As reported, the algorithm can predict where a tennis player will hit the next ball by analysing Australian Open data of thousands of shots made by the top male tennis players.
The research into the match play of Novak Djokovic, Rafael Nadal and Roger Federer could lead to new ways for professional tennis players to predict their opponent’s moves.
It could also produce virtual reality games offering the chance to go head-to-head with world’s best players in an accurate but artificial grand slam.
The researchers created the algorithm for predicting the next shot in tennis by using data from a sports technology innovator.
The data used was from the 2012 Australian Tennis Open, provided by the governing body for tennis in Australia.
The researchers narrowed their focus to study the shot selection of Djokovic, Nadal and Federer.
This is because they had the complete range of data to input into the system on how the players’ shot selection changed as the tournament progressed.
More than 3400 shots for Djokovic, nearly 3500 shots for Nadal and almost 1900 shots by Federer were analysed.
The context for each shot was then added such as whether it was a return, a winner or an error.
After about 1000 shots, the model had a pretty good idea of what was going on.

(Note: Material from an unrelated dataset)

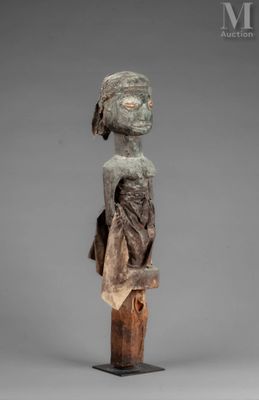 a wooden statue of a woman with a hat on her head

Three matches were needed by the algorithm to figure out a player’s style. Once it was able to get the three matches, it was pretty solid.
The algorithm was mimicking the brains of the top players who were already trying to predict their opponent’s next shot.

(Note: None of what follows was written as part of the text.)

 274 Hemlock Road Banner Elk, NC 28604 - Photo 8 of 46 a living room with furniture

While the artificial intelligent system proved successful, the biggest challenge it faced was the unpredictability of Federer.

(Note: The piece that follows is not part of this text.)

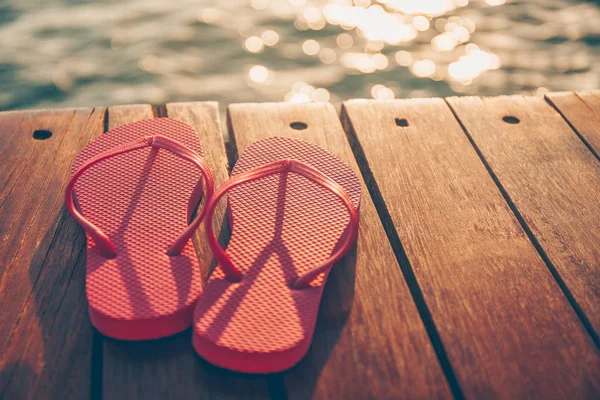 Chanclas en el muelle de madera al atardecer. Resort de vacaciones de lujo. Concepto de escapada de vacaciones — Foto de Stock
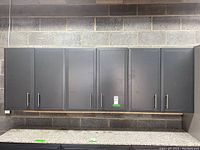Front view of six-door grey garage storage cabinets mounted on wall.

They had an analysis of how accurate the system is for the three top players – Djokovic, Nadal and Federer.
However, it was with Federer that the AI model struggled the most and was least accurate in its predictions.
The machine learning system, called Semi Supervised Generative Adversarial Network architecture, takes into account when in the match a point is being played.
This is because the shot selection a player might make, 40-love up serving for the first set, is very different to the shot they might hit struggling to stay in the match deep into the fifth set.
The system is capable of predicting about 1000 shots in 30 seconds.
The model is trained so that it sees the shot from first round, to the second round and third round, thereby building on experiences like a human does.
To teach the system to think like a player, the researchers created two forms of memory and a way for them to interact in making a decision
Episodic memory is effectively individual recollections. It is being able to go back and recall each individual stroke and what happened.
Semantic memory, on the other hand, is much more abstract. It is the overall learnings that came about from many instances of the episodic memory.
Then those two memories work together given an input stimulus. They each pull out something relevant from their own memories and use that to help reinforce the prediction of what is going to happen.
In less than ten years, top-level players will be able to use this sort of technique in studying the game of an upcoming opponent.
The system, given the data on a particular player, could predict how that player would hit the ball on break point if a server went either down the line or out wide.
It could also predict the likelihood that a particular player will try to beat an opponent at the net by hitting a lob or passing shot, and how that shot selection might change at different stages of a match.